Generally, we were received in a more friendly fashion, as were most serenaders in those days. I am afraid that today if someone awakened a neighborhood with music, the cops would be called and the serenaders charged with disturbing the peace. It's a shame that such a lovely custom has passed from the scene.
A real estate man, who unfortunately is no longer with us, was one of the damnedest guys to do unusual things. I refer to my good friend Newsome Holesapple, who, one evening in his heyday, went into the Santa Rita Hotel bar in Tucson and ordered 1,000 scotch and sodas. He had just made a big deal and wanted to have anyone who came along help him celebrate. I watched one of the bartenders spend most of the evening mixing the drinks. The hotel ran out of glasses and finally ended up using paper cups for the last two or three hundred drinks.
On another occasion he had a gay evening getting even with one of the local public officials who had turned down a request for zoning on a piece of property in which he had an interest. He had an ambulance go to the home of the official to pick up a patient at midnight. The family was considerably upset by the arrival of the ambulance, but not nearly so much as they were two hours later when a hearse arrived from a local mortuary to pick up the body of a recently departed relative.

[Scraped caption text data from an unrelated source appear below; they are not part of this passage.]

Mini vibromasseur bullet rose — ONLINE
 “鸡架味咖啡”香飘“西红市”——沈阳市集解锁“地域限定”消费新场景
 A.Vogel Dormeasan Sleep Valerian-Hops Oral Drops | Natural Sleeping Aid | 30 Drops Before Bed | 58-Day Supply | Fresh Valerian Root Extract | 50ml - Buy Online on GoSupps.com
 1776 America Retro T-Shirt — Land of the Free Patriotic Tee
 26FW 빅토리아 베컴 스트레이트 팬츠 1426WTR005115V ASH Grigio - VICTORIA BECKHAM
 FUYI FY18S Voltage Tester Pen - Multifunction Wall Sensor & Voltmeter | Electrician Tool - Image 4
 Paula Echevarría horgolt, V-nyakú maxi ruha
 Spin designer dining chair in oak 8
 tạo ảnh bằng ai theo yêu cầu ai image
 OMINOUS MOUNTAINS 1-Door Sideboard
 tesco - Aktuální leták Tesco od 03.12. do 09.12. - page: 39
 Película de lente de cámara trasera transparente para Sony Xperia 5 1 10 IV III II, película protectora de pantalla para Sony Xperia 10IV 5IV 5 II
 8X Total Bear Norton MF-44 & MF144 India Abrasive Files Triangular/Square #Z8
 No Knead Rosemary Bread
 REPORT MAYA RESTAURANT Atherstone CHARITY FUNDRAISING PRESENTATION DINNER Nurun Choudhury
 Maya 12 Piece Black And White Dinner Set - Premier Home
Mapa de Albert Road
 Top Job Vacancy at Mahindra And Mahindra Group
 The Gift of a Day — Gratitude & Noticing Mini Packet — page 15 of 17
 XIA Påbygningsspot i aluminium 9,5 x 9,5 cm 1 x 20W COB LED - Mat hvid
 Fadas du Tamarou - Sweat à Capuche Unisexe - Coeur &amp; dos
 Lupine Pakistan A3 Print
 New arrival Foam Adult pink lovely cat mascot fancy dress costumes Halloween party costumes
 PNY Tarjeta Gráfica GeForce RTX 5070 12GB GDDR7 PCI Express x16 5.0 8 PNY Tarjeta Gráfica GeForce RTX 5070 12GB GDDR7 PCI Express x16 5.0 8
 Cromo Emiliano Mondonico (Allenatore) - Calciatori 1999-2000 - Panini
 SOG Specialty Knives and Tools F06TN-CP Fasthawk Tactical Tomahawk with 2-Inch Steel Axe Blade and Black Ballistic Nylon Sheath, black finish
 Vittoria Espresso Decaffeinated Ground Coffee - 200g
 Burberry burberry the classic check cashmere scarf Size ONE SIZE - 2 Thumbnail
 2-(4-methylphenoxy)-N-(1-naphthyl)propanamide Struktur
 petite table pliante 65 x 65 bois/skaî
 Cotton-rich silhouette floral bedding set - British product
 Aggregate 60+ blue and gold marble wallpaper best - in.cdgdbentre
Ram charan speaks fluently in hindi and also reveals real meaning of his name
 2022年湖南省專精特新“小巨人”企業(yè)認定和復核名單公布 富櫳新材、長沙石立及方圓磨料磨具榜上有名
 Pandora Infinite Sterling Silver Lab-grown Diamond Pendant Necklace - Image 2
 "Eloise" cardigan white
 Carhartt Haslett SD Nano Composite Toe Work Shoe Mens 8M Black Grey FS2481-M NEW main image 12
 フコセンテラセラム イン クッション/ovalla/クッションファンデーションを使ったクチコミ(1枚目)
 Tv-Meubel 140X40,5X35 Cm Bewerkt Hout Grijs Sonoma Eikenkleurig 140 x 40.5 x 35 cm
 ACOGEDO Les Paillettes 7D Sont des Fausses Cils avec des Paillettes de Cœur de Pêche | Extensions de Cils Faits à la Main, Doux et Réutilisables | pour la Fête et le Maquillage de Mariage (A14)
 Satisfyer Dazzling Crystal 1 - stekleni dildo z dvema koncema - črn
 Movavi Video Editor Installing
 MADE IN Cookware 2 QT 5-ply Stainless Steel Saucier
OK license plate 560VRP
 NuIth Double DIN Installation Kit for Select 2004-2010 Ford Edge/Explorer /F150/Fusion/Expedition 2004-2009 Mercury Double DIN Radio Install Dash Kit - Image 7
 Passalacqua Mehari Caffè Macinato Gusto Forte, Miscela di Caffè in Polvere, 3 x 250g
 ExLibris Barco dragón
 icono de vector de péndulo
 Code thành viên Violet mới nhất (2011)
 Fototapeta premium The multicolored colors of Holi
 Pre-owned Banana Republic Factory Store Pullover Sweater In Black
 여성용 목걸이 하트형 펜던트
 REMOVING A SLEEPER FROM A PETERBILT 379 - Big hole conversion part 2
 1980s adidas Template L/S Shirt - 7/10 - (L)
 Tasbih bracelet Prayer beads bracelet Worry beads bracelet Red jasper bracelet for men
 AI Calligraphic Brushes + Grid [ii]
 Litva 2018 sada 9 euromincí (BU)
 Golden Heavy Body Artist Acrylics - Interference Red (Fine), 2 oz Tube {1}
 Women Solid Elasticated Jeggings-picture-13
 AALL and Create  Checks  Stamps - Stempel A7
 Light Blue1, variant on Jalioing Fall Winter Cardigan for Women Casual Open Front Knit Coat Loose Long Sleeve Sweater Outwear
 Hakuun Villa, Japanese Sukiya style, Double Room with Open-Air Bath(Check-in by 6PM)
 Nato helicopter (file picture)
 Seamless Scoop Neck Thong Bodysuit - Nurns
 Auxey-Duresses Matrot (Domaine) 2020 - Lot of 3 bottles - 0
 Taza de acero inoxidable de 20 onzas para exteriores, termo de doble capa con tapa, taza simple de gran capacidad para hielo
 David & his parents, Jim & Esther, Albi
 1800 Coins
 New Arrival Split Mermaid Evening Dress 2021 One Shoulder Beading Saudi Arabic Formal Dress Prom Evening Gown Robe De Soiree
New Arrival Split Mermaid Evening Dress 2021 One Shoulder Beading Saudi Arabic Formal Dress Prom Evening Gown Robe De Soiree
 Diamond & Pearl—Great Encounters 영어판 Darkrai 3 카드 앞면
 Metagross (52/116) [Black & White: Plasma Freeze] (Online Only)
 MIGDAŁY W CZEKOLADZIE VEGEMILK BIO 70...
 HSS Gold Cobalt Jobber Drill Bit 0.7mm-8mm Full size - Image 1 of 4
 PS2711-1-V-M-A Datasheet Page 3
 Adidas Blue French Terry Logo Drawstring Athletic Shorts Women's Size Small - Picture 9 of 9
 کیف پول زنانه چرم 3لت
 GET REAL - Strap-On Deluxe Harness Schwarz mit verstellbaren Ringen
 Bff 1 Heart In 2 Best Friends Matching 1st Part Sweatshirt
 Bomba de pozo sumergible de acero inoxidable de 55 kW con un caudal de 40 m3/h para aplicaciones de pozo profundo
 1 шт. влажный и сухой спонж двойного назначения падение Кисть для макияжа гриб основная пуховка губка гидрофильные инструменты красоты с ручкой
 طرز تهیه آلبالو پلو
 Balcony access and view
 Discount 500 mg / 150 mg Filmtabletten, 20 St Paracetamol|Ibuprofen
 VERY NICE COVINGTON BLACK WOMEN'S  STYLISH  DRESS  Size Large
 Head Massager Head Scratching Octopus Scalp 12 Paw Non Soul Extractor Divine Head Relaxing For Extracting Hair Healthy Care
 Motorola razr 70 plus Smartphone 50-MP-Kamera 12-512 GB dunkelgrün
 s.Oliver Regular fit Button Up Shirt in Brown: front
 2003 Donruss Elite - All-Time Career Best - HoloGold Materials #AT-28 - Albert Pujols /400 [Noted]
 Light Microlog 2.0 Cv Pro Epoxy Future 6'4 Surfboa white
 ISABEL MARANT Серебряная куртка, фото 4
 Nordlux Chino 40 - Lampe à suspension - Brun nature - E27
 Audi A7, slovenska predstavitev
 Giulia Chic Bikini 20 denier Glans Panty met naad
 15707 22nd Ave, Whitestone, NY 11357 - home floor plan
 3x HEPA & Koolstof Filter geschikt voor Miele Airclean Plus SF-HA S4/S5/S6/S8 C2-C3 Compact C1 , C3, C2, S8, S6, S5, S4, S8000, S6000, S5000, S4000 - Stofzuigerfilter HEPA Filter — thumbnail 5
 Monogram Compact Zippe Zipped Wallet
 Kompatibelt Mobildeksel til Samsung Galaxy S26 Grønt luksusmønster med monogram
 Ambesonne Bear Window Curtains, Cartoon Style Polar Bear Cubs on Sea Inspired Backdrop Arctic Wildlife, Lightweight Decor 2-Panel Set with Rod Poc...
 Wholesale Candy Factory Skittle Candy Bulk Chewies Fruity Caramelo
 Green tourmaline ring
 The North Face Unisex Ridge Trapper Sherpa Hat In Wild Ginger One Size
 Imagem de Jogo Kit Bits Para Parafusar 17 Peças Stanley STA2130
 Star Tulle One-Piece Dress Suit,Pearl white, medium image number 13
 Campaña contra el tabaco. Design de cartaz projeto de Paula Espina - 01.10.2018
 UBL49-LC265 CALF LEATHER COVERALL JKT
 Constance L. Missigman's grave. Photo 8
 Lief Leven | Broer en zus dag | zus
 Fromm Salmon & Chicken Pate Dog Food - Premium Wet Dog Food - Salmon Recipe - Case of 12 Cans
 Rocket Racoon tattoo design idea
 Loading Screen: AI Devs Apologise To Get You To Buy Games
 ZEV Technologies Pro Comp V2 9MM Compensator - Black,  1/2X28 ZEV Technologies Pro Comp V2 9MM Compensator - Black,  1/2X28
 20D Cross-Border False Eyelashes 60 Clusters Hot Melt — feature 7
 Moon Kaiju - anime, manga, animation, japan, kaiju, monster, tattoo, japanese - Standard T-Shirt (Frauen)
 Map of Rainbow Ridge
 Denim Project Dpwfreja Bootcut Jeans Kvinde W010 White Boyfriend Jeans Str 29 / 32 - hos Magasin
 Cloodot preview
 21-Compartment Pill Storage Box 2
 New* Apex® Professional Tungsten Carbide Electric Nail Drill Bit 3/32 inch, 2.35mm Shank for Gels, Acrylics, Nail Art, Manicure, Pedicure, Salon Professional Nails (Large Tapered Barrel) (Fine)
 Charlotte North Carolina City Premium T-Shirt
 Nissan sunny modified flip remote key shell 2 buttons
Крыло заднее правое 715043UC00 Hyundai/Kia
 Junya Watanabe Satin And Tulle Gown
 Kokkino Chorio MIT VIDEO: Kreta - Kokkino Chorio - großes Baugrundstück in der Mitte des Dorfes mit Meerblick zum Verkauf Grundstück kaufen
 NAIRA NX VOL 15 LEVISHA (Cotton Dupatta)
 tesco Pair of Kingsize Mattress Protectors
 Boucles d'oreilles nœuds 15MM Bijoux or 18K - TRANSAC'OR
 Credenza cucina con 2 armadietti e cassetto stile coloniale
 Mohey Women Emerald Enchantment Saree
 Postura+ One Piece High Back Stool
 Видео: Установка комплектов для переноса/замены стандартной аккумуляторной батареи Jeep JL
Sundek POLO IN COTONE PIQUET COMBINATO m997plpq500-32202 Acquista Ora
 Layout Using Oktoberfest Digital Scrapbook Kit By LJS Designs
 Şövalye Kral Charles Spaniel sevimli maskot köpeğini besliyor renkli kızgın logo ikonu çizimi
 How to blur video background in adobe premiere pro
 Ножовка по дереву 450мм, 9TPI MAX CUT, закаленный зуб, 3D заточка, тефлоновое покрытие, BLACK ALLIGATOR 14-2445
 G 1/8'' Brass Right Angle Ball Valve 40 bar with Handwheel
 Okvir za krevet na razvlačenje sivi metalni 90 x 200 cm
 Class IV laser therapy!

On a visit to Phoenix, Newsome was staying at the Westward Ho Hotel, where a local florist operated a flower stand in the lobby. The shop was run by a very attractive, young lady who, Newsome decided, should have dinner with him. The young lady was hesitant about accepting the offer and stalled the ardent suitor by telling him that she couldn't leave until she sold all the flowers in the shop; whereupon, Newsome asked how much it would cost to buy all her posies. The price of $110 seemed fair to Newsome, and he promptly whipped out $110 to pay for the flowers. The lady said she had to report to the main store that she had sold all her stock, which seemed logical. However, a monkey wrench was thrown into the machinery when they said that they were sending another truckload of flowers over immediately.
Newsome bought those also and finally ended-up taking the gal to dinner -- thereby making it possible for the Westward Ho flower shop to have the most profitable day in its history.